In [3]:
# Imports
import os
import requests
from dotenv import load_dotenv
from bs4 import BeautifulSoup
from IPython.display import Markdown, display
from openai import OpenAI

ERROR! Session/line number was not unique in database. History logging moved to new session 17


In [4]:
# Load environment variables
load_dotenv(override=True)
api_key = os.getenv('OPENAI_API_KEY')
if not api_key:
    raise Exception('API key is not found!')
elif api_key != api_key.strip():
    raise Exception('API key is found but it has leading or trailing spaces which should be removed')
else:
    print('API key is found!')

API key is found!


In [5]:
# Hello chatgpt!
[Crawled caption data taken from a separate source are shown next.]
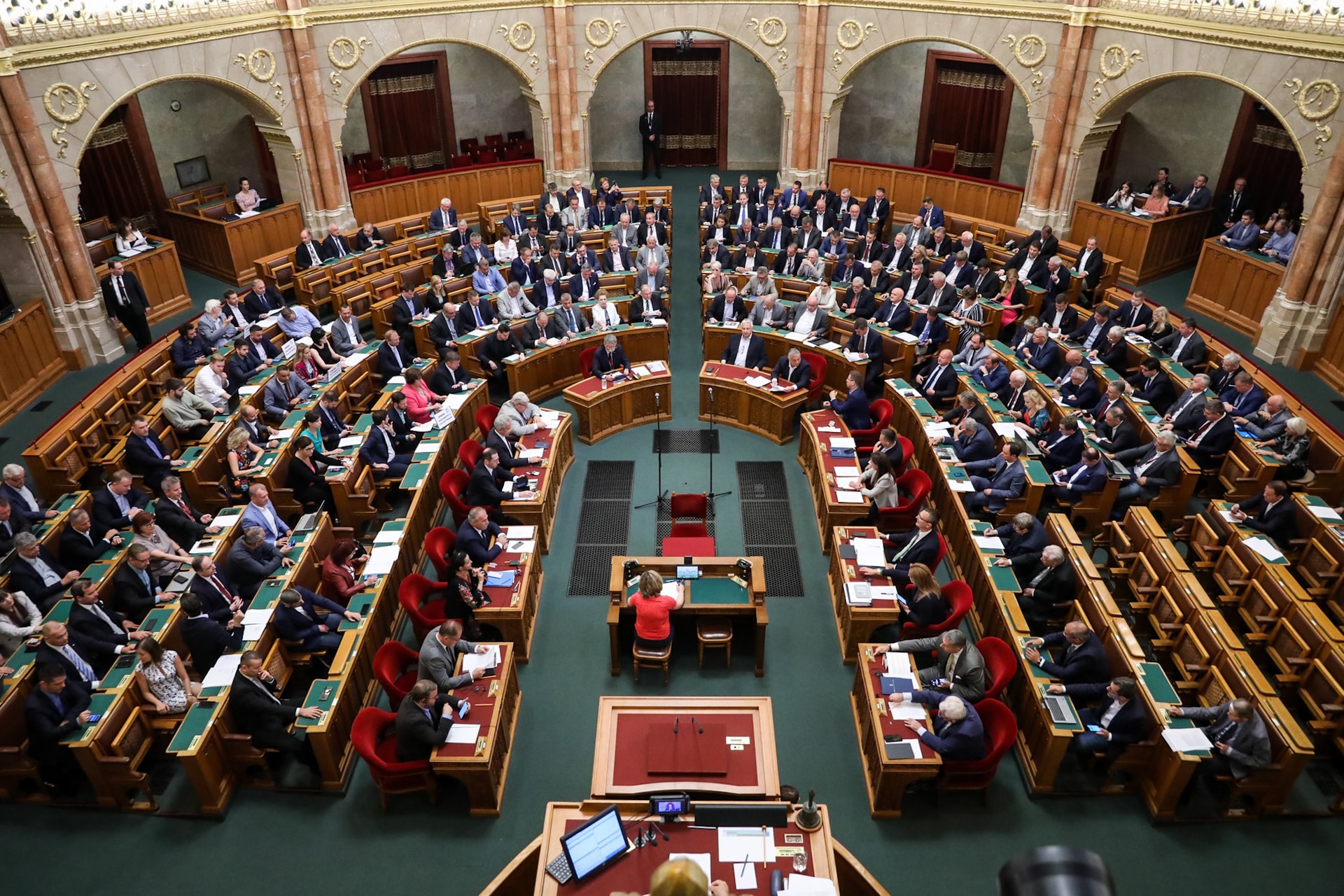 Benyújtotta a kormány a feltételességi eljáráshoz kapcsolódó törvénymódosítások második csomagját is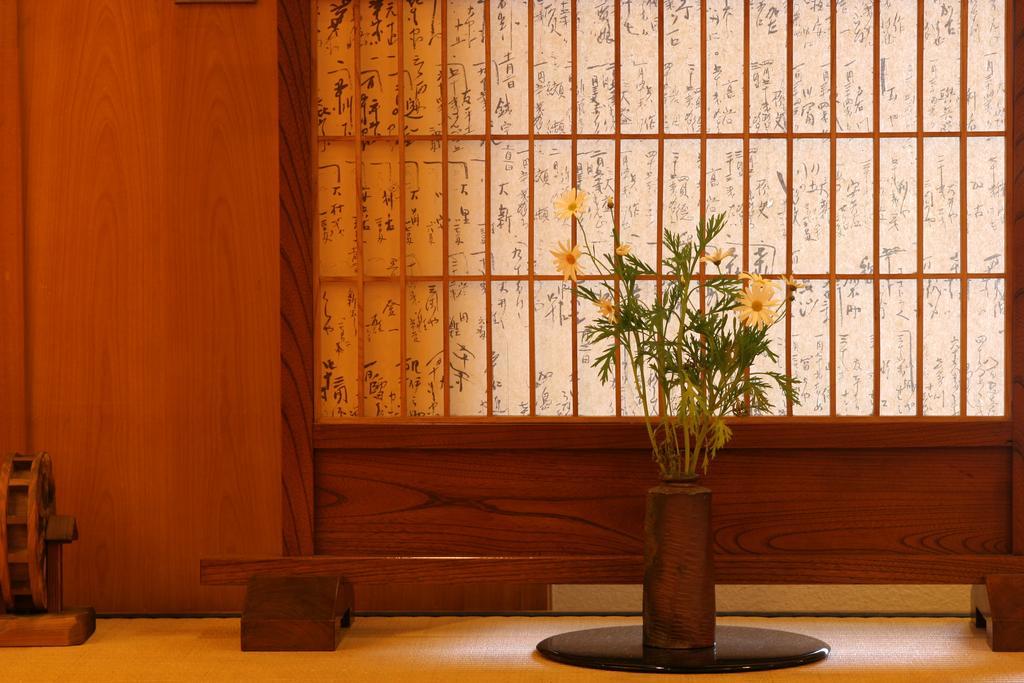 Sanrakuen Hotel Tonami Ruang foto
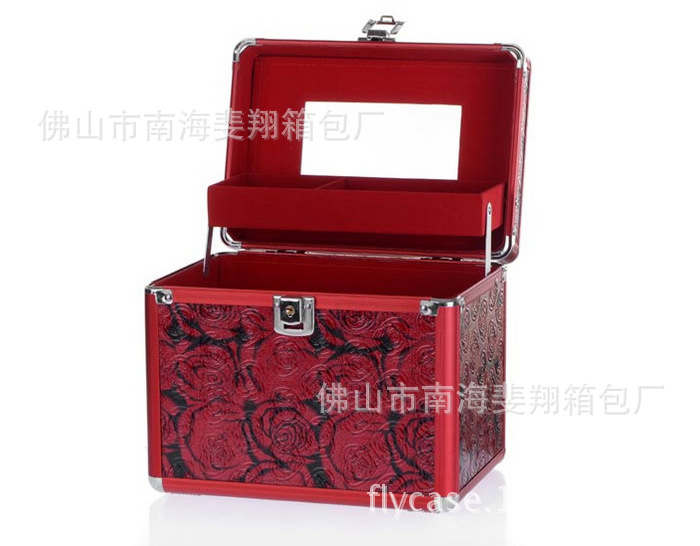 供应精美小号铝合金箱 化妆箱 美容工具箱 首饰箱 厂家专业定制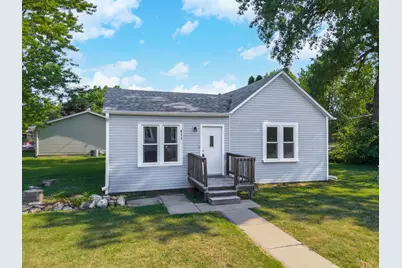 411 E Mazon Street, Gardner, IL 60424 - Photo 1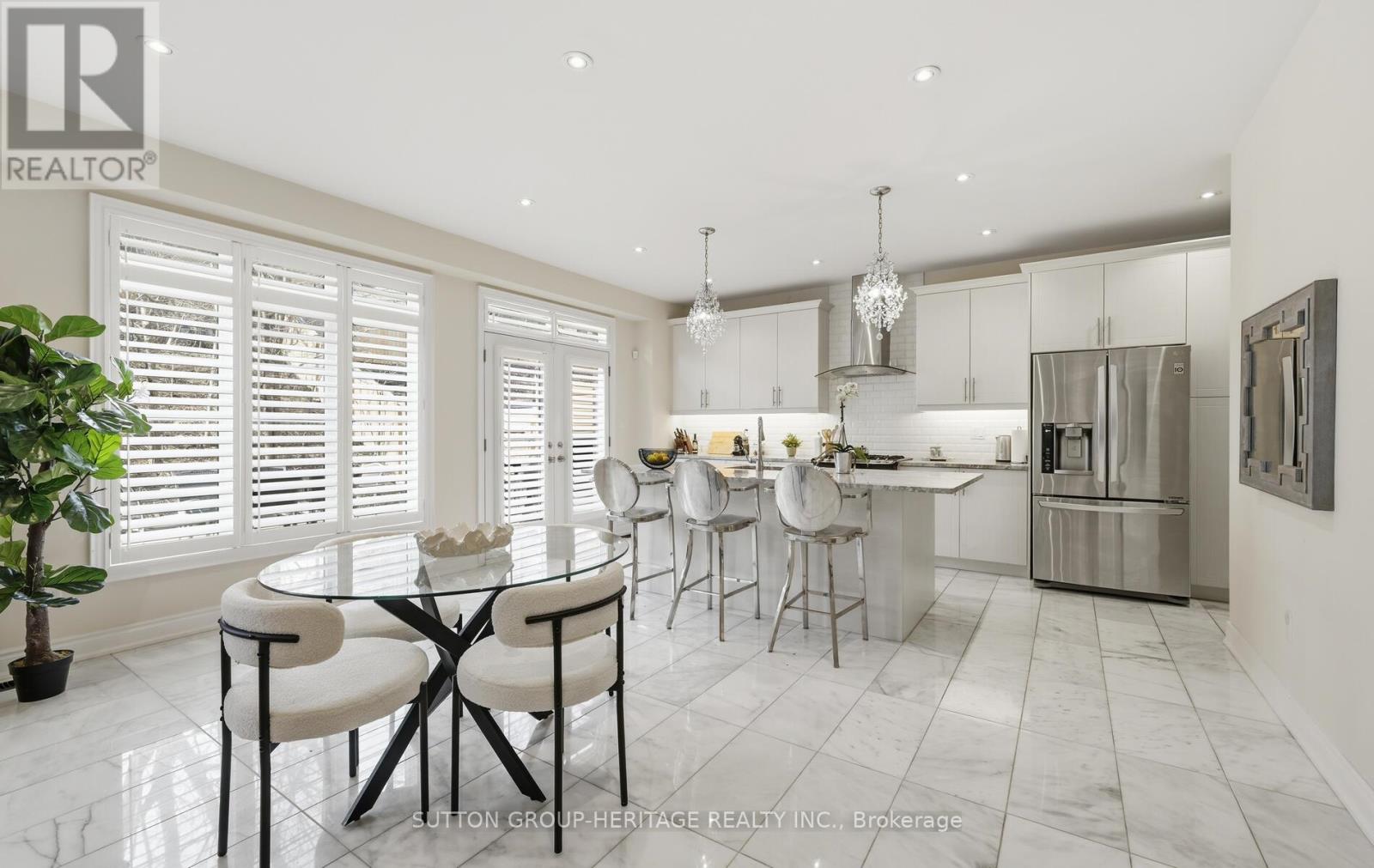 522 Cliffview Road, Pickering, Ontario  L1W 2N8 - Photo 11 - E12898632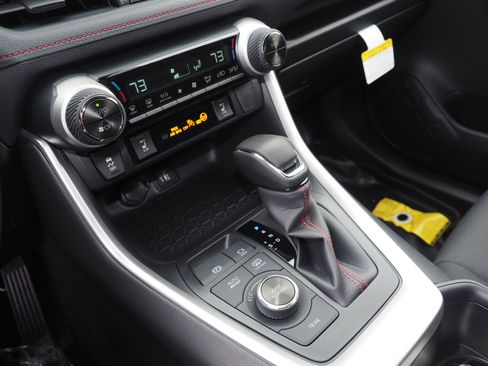 New 2025 Toyota RAV4 SE w/ Weather & Moonroof Package image 19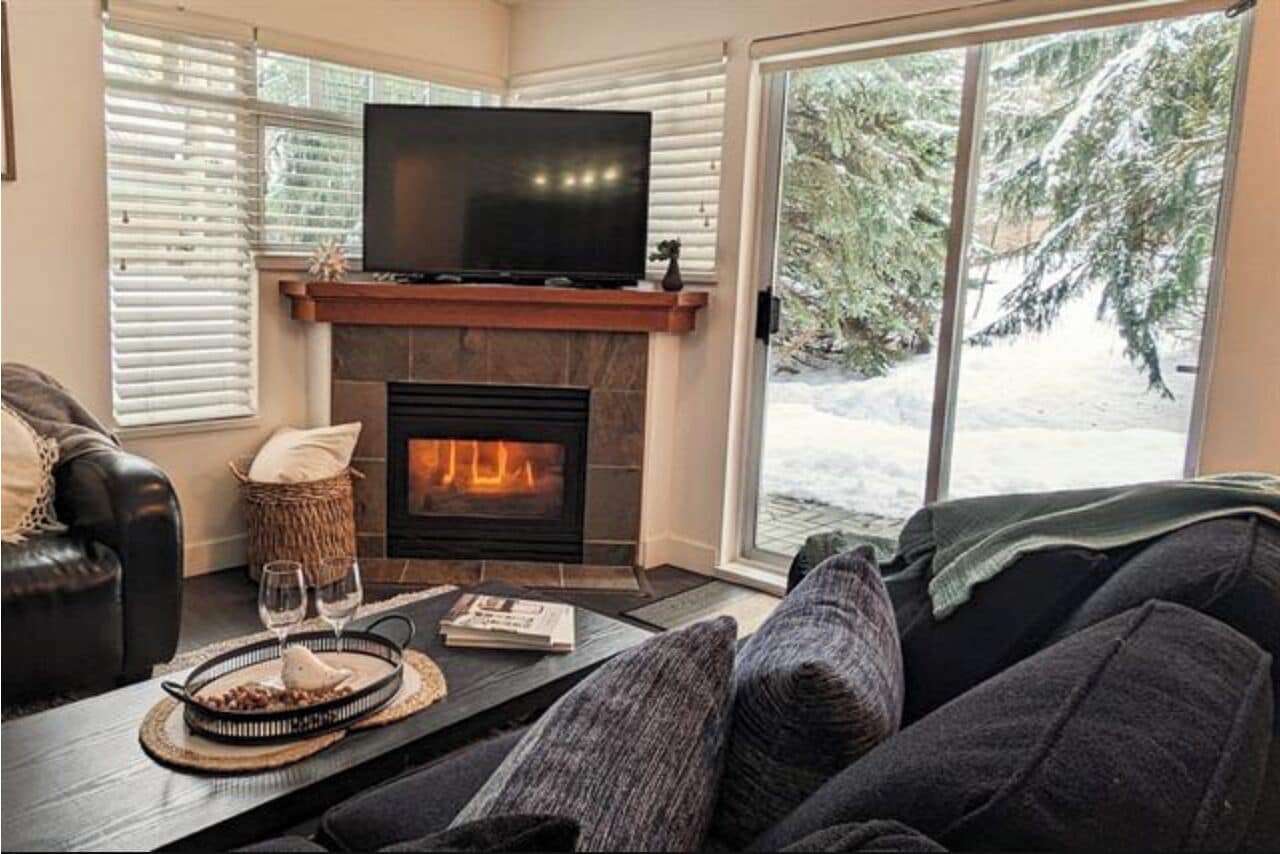 Smart TV y chimenea 
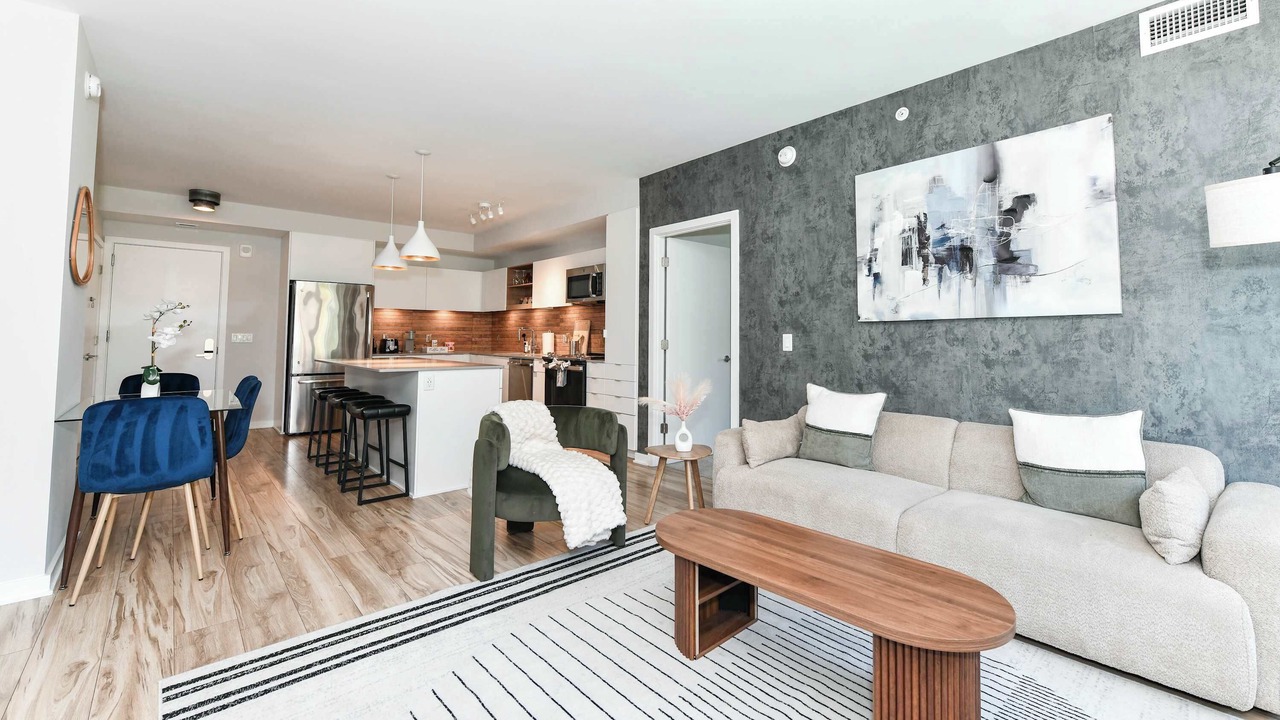 Photo of Livingroom in Crystal City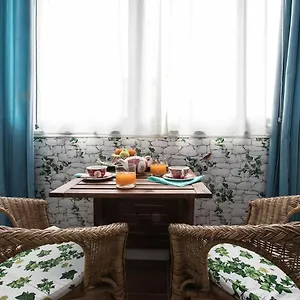 Crispi Deluxe 2 Bedroom Roma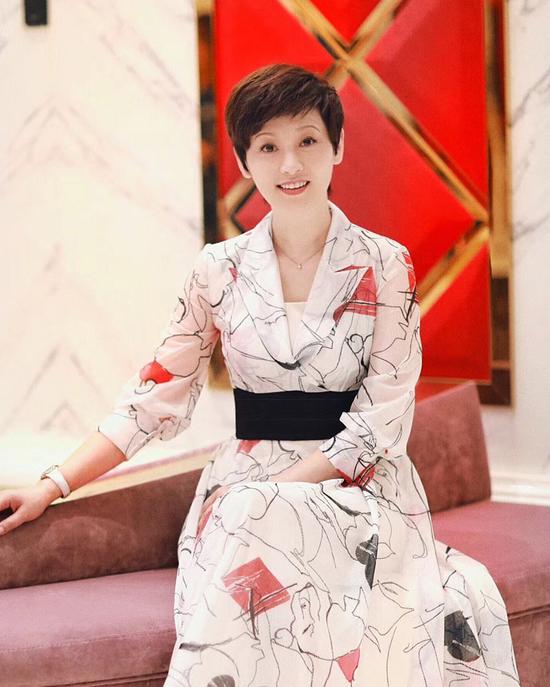 徐帆亮相塞班电影节复古长裙呈现翻倍优雅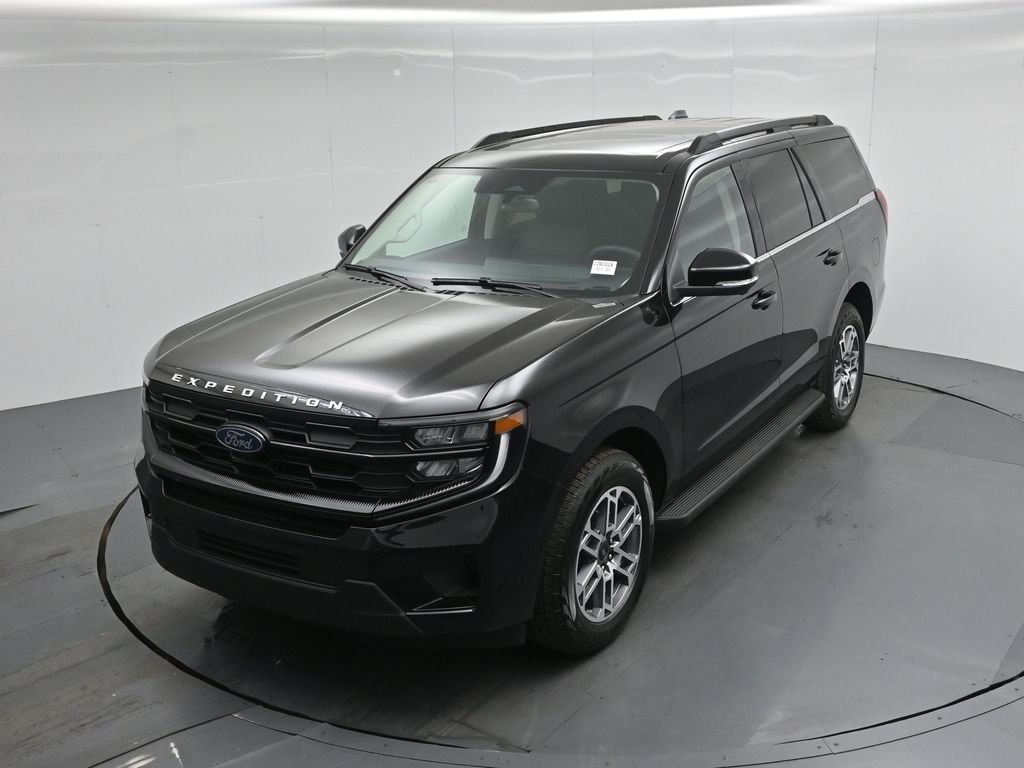 New 2026 Agate Black Metallic Ford Active image 35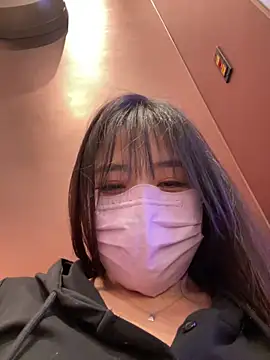 xiao-mo520 online show from May 3, 10:20 am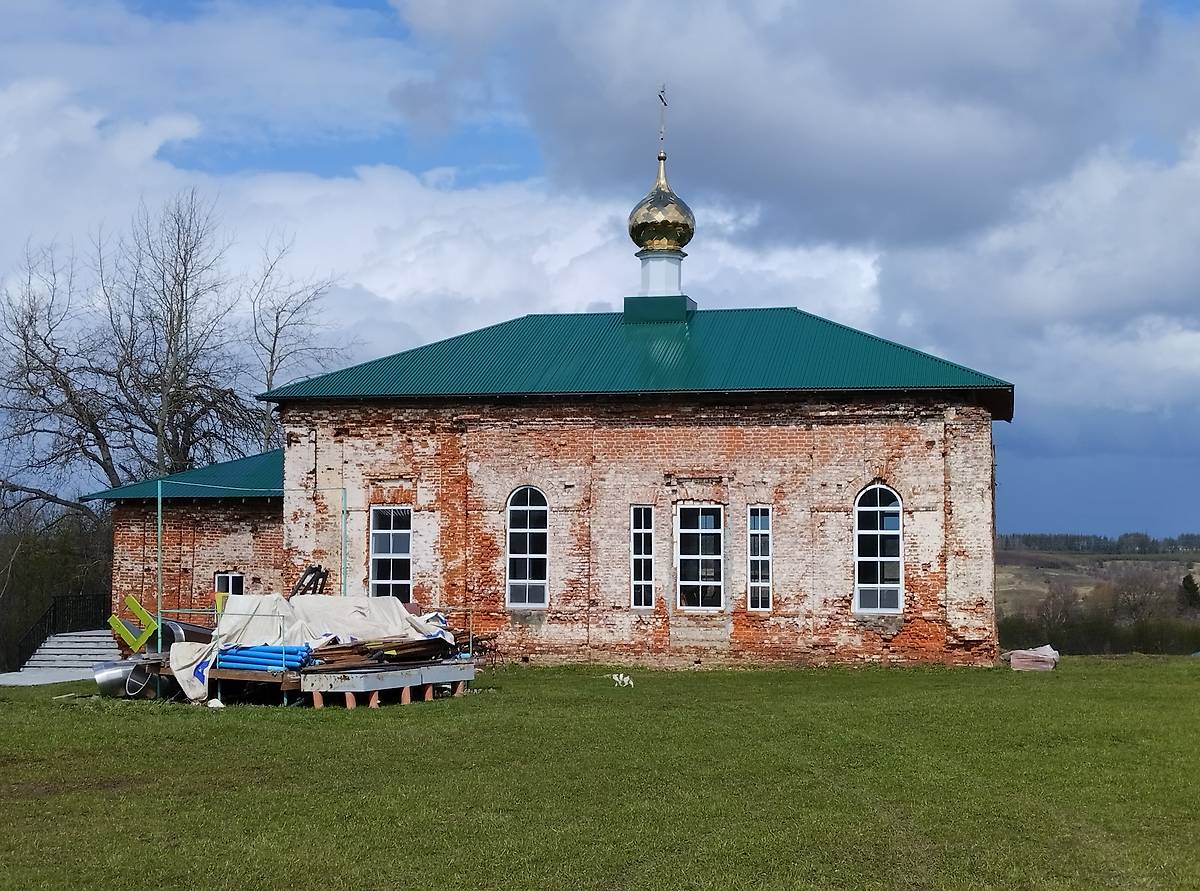 общий вид в ландшафте. Церковь Троицы Живоначальной, Белавино (Вачский район, Нижегородская область)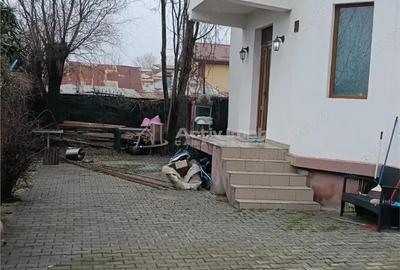 Casă cu 4 camere cu Teren 400 Mp în Central - 5
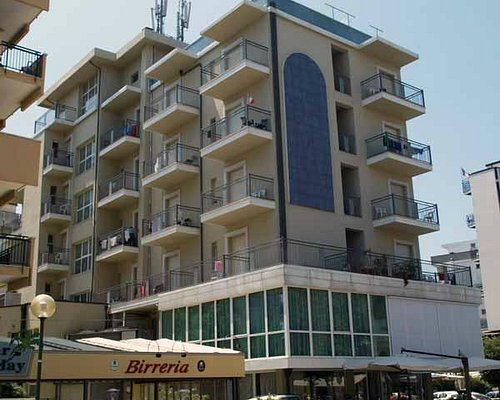 Hotel Bravo & Condor a Cesenatico: 46 camere da 754 mila euro, ma il vero investimento è nel contratto da 50 mila euro l’anno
This is expected to fail if the API key is not set correctly.
openai = OpenAI()
model = 'gpt-4o-mini'
messages = [{'role': 'user', 'content': 'Hello llm!'}]
# response = openai.chat.completions.create(model=model, messages=messages)
# print(response.choices[0].message.content)

## Web Scraping for Content

In [6]:
# Web scraping example

headers = {
    'User-Agent': 'Mozilla/5.0 (Windows NT 10.0; Win64; x64) AppleWebKit/537.36 (KHTML, like Gecko) Chrome/58.0.3029.110 Safari/537.3'
    }

class Website:
    def __init__(self, url):
        self.url = url
        self.content = None
        response = requests.get(url, headers=headers)
        soup = BeautifulSoup(response.content, 'html.parser')
        self.title = soup.title.string if soup.title else 'No title found'
        self.text = soup.get_text(separator='\n', strip=True)

In [14]:
url = 'https://www.wikipedia.org/'

wikipedia = Website(url)
print(f'Title of the webpage: {wikipedia.title}')
print(f'Content of the webpage: {wikipedia.text[:100]}...')  # Print the first 100 characters of the content.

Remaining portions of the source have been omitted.